**What you have to do**. After reading the entries below, copy word for word the lines from the first through the line containing "Apartamento San Pedro", and stop there.

** Opening Information block **

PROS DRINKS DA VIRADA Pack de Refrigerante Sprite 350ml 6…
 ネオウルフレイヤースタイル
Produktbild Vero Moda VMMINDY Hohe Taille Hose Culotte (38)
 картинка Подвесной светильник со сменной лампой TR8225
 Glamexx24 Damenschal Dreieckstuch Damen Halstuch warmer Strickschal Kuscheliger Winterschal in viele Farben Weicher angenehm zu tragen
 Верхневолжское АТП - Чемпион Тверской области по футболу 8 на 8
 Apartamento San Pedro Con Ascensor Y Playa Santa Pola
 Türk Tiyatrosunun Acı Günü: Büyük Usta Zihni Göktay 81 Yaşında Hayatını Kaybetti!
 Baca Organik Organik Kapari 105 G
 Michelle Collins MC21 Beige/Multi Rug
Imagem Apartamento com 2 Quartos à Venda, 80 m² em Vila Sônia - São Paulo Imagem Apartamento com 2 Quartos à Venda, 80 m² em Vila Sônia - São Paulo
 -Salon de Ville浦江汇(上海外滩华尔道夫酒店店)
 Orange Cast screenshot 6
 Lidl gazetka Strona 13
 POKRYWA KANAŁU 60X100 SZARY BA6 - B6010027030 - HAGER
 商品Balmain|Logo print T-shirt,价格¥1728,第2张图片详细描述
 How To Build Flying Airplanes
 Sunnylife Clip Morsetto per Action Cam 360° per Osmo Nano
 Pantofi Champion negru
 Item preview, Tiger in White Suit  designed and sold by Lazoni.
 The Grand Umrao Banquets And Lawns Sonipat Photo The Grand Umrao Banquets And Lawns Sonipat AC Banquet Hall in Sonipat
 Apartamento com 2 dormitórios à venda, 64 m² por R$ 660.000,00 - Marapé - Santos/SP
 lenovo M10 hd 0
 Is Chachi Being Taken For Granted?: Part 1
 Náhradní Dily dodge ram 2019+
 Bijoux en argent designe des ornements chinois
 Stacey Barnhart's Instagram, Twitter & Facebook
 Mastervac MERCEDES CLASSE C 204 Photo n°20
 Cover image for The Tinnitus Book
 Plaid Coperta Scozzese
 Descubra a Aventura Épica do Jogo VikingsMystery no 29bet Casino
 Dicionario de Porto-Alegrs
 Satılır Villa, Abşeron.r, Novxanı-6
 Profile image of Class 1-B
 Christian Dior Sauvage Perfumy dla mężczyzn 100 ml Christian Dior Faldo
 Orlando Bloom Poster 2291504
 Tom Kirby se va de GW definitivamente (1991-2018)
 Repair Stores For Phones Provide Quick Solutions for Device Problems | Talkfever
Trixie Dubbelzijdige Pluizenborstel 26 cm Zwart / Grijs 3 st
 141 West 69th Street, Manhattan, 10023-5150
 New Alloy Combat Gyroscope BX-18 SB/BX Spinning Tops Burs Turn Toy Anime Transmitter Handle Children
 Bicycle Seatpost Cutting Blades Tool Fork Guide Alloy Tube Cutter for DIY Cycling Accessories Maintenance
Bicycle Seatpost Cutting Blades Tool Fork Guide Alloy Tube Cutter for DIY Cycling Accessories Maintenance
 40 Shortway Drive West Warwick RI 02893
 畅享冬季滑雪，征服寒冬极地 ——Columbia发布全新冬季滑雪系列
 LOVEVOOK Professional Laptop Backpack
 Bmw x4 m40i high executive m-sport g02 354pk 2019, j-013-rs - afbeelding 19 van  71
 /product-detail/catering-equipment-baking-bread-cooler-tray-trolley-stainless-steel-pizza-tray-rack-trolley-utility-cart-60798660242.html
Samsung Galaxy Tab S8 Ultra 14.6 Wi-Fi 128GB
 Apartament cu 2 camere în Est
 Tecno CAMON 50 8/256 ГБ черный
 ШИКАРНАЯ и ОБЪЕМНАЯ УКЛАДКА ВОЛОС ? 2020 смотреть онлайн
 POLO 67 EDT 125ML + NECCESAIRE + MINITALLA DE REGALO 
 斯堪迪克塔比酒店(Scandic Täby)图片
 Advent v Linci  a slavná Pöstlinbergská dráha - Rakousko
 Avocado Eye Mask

** Closing Information block **

**Answer to this problem**.
PROS DRINKS DA VIRADA Pack de Refrigerante Sprite 350ml 6…
 ネオウルフレイヤースタイル
Produktbild Vero Moda VMMINDY Hohe Taille Hose Culotte (38)
 картинка Подвесной светильник со сменной лампой TR8225
 Glamexx24 Damenschal Dreieckstuch Damen Halstuch warmer Strickschal Kuscheliger Winterschal in viele Farben Weicher angenehm zu tragen
 Верхневолжское АТП - Чемпион Тверской области по футболу 8 на 8
 Apartamento San Pedro Con Ascensor Y Playa Santa Pola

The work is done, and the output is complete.